Figure 5. Neurogenomic computers. (A) Recording neural activity in nucleic acids. For instance, a stimulus-sensitive DNA polymerase as developed in a previous study (Zamft et al., 2012) (shown here is a simplified version to illustrate the principle more clearly) synthesizes from a template and incorporates a wrong base if the neuron is active (i.e., by making the polymerase error rate sensitive to intracellular Ca2+ concentrations). For simplicity, the template here is a poly-T string and synthesis errors are assumed to result in G incorporation instead of A. In reality, this might not be technically feasible and one might have to rely on statistical methods to infer the positions in which the polymerase performed with an increased error rate while synthesizing from a more complex template (i.e. containing A, T, C, and G). (B) Pipeline for implementing a neurogenomic recording device. In this biological computer, input is fed into the neuronal network via physical methods (i.e., electrical stimulation on a MEA or optogenetic activation). Either all neurons or one specific neuron (recorder neuron) express the activity-sensitive polymerase as mentioned in panel A. For information access, three steps would have to be performed. Step 1: a recorder neuron is harvested from the network after a computation is performed. To reconstitute network activity, it could be replaced with an immature neuron that then integrates into the circuit. Step 2: the DNA is isolated. Step 3: the information in the DNA could be sequenced and transformed into electronic bits, it could be transformed into neural activity or it could be frozen and stored and only sequenced when needed.
For a neurogenomic computer, one would implement one of the above systems which translates neural firing into specific nucleotide sequences and then use deep sequencing (Shendure and Ji, 2008; Malone and Oliver, 2011) to read the information offline (Figure 5B). To keep the neural network more intact, one might even harvest single “recorder neurons,” replace them with neural stem cells so that the network can reconstitute its function and extract the computation results by single-cell DNA sequencing. Afterwards, the information could be archived by various simple methods such as freezing (stable over millennia) or transformed into digital electrical patterns or translated back into neural activity. As information in DNA is generally very stable [i.e., thousands of years under the right conditions (Paabo et al., 2004)] and extremely compact [i.e. petabits per mm3 (Church et al., 2012)] this system would represent an enormous leap forward in our ability to process and store large amounts of data.
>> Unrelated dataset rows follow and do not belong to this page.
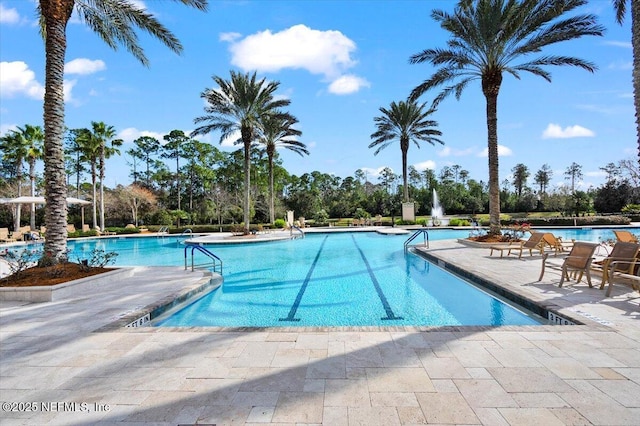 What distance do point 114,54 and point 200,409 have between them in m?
11.5

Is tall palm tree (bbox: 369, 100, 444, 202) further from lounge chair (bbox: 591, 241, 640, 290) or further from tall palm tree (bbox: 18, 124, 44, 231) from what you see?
tall palm tree (bbox: 18, 124, 44, 231)

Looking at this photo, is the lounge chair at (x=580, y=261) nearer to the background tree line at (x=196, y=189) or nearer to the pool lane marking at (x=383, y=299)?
the pool lane marking at (x=383, y=299)

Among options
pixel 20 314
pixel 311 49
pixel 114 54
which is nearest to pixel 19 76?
pixel 114 54

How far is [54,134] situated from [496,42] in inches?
573

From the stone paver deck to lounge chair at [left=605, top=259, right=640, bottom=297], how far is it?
24.2 inches

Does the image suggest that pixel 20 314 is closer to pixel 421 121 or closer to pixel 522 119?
pixel 522 119

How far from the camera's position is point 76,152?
38250mm

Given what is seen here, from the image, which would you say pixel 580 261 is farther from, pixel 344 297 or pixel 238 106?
pixel 238 106

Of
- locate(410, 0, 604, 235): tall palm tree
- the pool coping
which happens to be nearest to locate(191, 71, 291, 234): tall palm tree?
locate(410, 0, 604, 235): tall palm tree

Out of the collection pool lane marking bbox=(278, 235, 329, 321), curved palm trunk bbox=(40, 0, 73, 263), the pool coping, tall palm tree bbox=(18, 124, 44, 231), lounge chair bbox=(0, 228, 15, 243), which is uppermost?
tall palm tree bbox=(18, 124, 44, 231)

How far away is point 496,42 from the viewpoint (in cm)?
1318

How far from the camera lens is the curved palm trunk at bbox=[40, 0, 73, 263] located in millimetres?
7523

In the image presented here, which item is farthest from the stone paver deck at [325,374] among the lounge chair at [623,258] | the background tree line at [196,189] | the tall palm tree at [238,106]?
the background tree line at [196,189]

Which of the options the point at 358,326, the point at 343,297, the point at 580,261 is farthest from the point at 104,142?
the point at 580,261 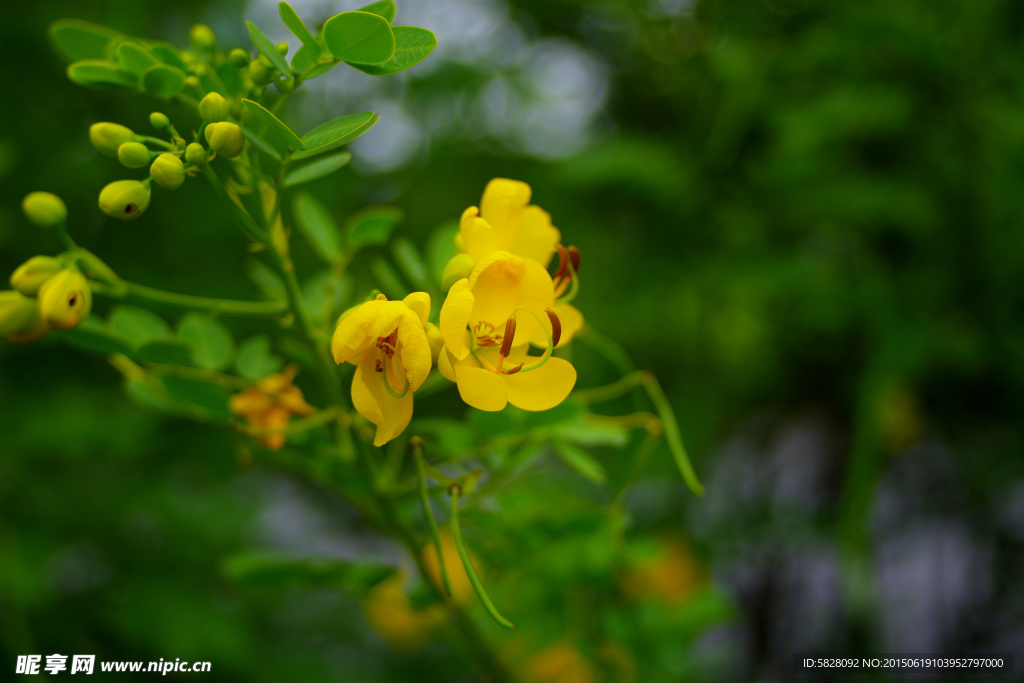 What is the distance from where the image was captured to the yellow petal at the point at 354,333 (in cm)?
41

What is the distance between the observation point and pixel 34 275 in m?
0.48

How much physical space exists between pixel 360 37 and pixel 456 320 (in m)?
0.22

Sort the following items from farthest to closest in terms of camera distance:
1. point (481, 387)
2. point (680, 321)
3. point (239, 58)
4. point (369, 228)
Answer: point (680, 321)
point (369, 228)
point (239, 58)
point (481, 387)

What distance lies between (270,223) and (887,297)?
1.09 meters

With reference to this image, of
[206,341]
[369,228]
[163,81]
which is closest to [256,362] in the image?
[206,341]

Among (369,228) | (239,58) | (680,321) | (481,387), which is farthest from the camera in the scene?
(680,321)

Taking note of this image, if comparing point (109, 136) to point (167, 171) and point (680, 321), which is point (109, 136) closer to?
point (167, 171)

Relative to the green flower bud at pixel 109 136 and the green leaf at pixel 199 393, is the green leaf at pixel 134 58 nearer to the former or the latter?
the green flower bud at pixel 109 136

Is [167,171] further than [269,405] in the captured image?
No

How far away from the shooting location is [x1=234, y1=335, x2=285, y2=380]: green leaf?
0.67 m

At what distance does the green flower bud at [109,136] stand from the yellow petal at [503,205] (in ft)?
0.84

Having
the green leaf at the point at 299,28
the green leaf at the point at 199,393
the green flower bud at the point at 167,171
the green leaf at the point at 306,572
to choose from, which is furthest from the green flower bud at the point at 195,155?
the green leaf at the point at 306,572

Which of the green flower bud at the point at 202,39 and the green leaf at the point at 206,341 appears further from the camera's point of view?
the green leaf at the point at 206,341

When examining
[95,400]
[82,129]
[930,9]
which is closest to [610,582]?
[95,400] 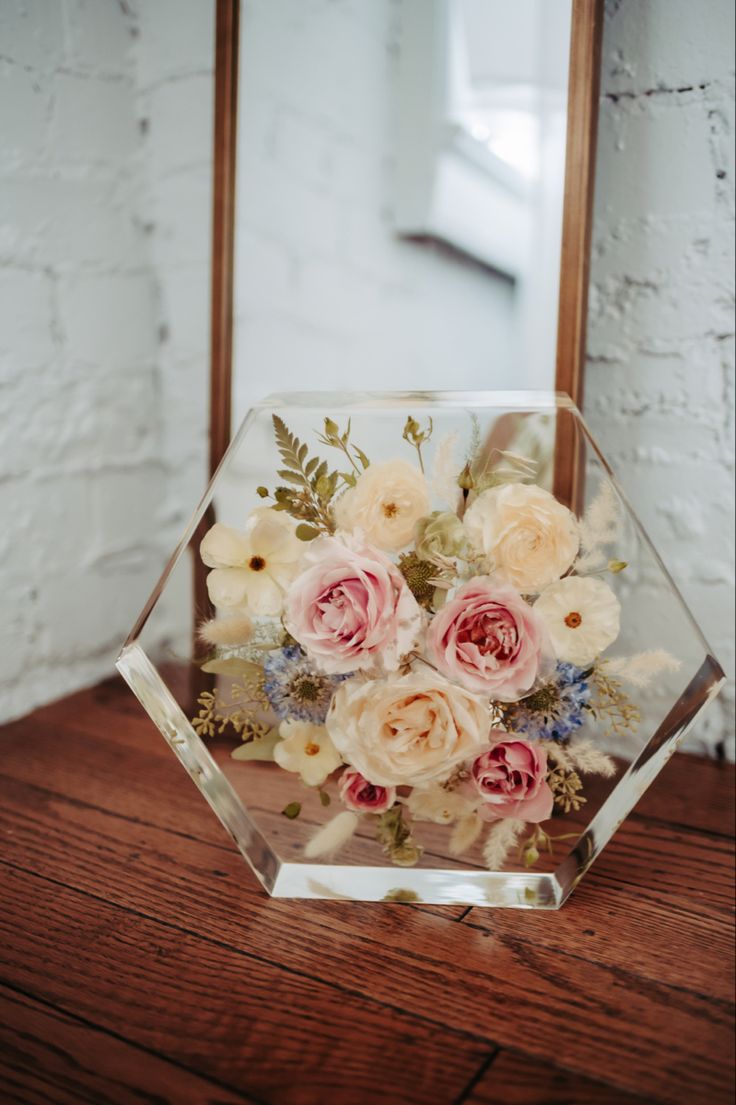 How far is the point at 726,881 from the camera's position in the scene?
0.77 meters

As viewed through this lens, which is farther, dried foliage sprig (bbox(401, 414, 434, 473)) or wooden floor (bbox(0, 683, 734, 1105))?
dried foliage sprig (bbox(401, 414, 434, 473))

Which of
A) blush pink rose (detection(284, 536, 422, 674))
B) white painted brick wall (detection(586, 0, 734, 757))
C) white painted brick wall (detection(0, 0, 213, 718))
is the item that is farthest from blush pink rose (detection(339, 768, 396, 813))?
white painted brick wall (detection(0, 0, 213, 718))

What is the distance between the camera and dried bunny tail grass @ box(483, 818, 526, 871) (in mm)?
701

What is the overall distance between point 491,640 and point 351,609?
3.8 inches

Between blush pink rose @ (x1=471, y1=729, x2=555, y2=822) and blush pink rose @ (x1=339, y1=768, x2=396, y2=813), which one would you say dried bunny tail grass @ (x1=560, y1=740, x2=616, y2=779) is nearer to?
blush pink rose @ (x1=471, y1=729, x2=555, y2=822)

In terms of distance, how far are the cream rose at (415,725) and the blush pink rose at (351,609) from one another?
20 millimetres

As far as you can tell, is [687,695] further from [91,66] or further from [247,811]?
[91,66]

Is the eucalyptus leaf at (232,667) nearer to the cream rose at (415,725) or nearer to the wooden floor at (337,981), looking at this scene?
the cream rose at (415,725)

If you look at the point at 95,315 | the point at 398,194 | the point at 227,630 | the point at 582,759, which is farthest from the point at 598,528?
the point at 95,315

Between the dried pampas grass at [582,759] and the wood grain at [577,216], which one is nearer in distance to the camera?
the dried pampas grass at [582,759]

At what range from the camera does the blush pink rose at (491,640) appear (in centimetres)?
61

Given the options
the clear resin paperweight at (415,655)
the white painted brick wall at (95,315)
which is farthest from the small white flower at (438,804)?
the white painted brick wall at (95,315)

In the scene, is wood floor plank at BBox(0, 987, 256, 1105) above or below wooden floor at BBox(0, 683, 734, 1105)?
below

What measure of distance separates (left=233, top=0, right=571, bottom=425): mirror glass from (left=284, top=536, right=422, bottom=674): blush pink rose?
1.32ft
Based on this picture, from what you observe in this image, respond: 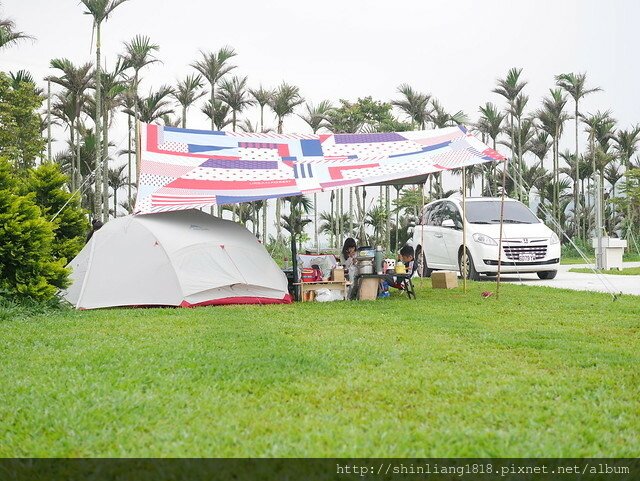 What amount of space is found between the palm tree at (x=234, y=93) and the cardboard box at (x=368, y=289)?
19596 mm

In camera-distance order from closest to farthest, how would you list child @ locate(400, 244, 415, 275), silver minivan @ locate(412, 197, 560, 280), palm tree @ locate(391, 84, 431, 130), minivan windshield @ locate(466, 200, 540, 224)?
child @ locate(400, 244, 415, 275) < silver minivan @ locate(412, 197, 560, 280) < minivan windshield @ locate(466, 200, 540, 224) < palm tree @ locate(391, 84, 431, 130)

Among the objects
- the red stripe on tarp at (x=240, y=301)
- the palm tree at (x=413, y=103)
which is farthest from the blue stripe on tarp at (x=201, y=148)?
the palm tree at (x=413, y=103)

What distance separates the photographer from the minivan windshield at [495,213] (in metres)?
15.4

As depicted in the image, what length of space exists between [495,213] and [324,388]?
11712 mm

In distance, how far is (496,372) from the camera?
523 cm

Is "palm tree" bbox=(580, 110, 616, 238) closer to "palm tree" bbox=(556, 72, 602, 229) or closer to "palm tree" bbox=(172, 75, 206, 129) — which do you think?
"palm tree" bbox=(556, 72, 602, 229)

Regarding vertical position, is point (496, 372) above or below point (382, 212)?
below

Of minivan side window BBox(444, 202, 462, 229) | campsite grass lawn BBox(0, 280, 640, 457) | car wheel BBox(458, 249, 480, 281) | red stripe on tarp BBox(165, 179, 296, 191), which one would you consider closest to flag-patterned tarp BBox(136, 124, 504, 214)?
red stripe on tarp BBox(165, 179, 296, 191)

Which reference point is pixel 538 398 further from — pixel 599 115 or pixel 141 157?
pixel 599 115

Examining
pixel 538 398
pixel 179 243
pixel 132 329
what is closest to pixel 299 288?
pixel 179 243

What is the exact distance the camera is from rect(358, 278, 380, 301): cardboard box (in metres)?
11.7

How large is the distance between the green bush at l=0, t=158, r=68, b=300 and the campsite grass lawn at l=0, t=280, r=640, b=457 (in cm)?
201

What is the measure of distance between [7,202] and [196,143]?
3.34 metres

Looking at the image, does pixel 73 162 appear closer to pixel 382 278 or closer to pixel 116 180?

As mentioned in paragraph 3, it is also possible to use DNA to directly influence neural network behavior which might be leveraged to acutely change a neuron’s DNA make-up to modify computational rules. As DNA is increasingly easily and cheaply synthesized (Kosuri and Church, 2014), it will be possible to print out custom DNA stretches that change network function in a desired way.
A first step in generating a neurogenomic computer would be to use in vitro neural networks and DNA-based logic circuits in each cell or a subset of cells to perform intertwined network and molecular computations, thereby unlocking the combined capacity of these two individually already powerful entities. The molecular computations within neurons could be realized in various ways, three of which will be discussed here.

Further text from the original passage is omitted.